Information technology is like fashion: you live long enough, you see it change many times. And sometimes the new stuff looks kinda like the old stuff. But that doesn't mean you don't get excited about it. Change is inevitable; you might as well learn to enjoy it.

I'm watching the IT world evolve to a model that is handheld battery powered consumer devices, which these days we're calling smartphones and tablets, communicating wirelessly with enormous distributed computing systems, which we now call cloud computing. I'm all excited. For lots of reasons. Not the least of which is the fact that my professional career over the past thirty-five years as wobbled back and forth between developing software for small embedded systems and for high performance computers, gigantic distributed systems, and server farms. Turns out, the skill sets are the same. I am not the first person to have noticed this.

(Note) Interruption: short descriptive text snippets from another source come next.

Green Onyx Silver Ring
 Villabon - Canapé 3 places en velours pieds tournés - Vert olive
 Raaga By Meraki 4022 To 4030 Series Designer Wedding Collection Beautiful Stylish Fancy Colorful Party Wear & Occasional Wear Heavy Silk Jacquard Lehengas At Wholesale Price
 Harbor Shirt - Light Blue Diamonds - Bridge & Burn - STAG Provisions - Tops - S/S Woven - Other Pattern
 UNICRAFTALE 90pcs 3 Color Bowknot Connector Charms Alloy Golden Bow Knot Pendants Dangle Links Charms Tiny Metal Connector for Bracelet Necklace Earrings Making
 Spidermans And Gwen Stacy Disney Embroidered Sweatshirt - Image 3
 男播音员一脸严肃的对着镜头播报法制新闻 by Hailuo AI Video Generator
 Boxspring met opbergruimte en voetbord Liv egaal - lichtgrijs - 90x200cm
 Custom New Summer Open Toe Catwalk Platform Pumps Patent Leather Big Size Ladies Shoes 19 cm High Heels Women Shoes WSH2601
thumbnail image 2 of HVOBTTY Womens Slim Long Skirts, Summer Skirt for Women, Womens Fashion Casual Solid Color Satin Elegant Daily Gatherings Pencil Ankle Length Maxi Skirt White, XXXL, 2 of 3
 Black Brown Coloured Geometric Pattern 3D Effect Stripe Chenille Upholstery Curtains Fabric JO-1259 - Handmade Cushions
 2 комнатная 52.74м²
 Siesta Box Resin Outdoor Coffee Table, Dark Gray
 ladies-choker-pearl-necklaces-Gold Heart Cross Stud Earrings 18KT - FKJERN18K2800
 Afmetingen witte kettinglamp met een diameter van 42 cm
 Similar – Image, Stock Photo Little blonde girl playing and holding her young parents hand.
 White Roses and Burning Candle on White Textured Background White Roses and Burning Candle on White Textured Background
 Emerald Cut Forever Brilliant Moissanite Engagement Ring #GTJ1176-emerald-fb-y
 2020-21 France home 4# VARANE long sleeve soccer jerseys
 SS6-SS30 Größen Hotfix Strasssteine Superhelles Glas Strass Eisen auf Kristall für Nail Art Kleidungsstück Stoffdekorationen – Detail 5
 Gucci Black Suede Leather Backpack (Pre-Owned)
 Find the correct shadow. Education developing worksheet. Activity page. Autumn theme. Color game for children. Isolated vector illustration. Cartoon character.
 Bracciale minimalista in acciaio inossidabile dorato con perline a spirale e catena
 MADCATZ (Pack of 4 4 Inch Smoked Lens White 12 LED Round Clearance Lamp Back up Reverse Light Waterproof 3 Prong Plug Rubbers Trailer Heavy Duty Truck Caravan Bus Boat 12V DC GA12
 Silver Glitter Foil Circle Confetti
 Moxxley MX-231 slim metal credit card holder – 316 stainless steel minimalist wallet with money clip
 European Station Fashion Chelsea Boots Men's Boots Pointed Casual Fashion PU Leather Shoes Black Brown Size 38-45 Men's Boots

My most recent project is to develop Hayloft, a C++ object oriented interface to Amazon Web Services (AWS) Simple Storage Service (S3). My goal is for Hayloft to make it easy to use S3 from embedded devices. S3 is Amazon.com's web-based storage service that can (if you do it right) reliably and inexpensively store blobs of arbitrary data. How much data? A single blob, or object, can be up to five terabytes in size. And you can store a lot of objects. Objects are organized into buckets. Each bucket can be thought of as a web site with its own domain name, which means bucket names have to conform to the internet's Domain Name System (DNS) syntax. Each object is independently addressable via its own URL. To S3, these objects are simply opaque data files in the classic mass storage system reference model sense: they can range from HTML pages to scientific databases to virtual machine images to what have you.

(Indeed, I strongly suspect you could build a distributed mass storage system from S3 just as Cycle Computing built a 10,000 core distributed supercomputer from Amazon.com's Elastic Computing Cloud (EC2) for one of their customers. I'm pretty excited about that, too.)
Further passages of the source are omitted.